* **AIM OF THE EXERCISE**
Filter the lines below, keeping each one that holds "Ford".

=-=-=

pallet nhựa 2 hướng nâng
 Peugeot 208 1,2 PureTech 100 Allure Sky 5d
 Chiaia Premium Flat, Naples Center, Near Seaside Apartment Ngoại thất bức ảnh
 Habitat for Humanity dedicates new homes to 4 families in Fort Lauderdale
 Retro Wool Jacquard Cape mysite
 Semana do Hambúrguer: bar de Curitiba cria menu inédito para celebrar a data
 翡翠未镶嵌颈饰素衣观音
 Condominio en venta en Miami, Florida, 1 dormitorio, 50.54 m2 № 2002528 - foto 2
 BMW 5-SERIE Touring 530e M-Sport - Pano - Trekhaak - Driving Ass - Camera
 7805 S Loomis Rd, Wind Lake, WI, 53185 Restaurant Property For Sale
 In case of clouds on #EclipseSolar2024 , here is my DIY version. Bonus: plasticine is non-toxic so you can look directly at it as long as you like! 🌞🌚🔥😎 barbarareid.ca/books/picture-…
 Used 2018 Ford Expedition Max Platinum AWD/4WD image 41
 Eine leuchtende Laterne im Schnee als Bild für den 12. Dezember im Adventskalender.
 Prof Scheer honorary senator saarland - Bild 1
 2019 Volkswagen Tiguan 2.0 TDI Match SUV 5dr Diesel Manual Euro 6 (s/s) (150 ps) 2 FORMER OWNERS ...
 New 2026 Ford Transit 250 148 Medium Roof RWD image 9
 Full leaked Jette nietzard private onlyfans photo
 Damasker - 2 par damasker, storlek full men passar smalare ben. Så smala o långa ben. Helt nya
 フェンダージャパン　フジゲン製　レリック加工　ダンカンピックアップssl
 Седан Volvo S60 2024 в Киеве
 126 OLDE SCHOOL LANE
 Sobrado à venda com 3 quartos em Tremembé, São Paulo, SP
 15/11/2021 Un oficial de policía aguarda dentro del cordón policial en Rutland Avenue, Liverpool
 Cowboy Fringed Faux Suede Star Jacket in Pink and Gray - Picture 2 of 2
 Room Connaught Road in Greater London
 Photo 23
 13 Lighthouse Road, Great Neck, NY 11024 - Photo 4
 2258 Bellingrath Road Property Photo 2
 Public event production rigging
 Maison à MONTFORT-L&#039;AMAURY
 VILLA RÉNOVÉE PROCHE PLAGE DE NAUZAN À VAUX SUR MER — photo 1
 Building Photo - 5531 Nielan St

=-=-=

* **SOLUTION TO THIS EXERCISE**
 Used 2018 Ford Expedition Max Platinum AWD/4WD image 41
 New 2026 Ford Transit 250 148 Medium Roof RWD image 9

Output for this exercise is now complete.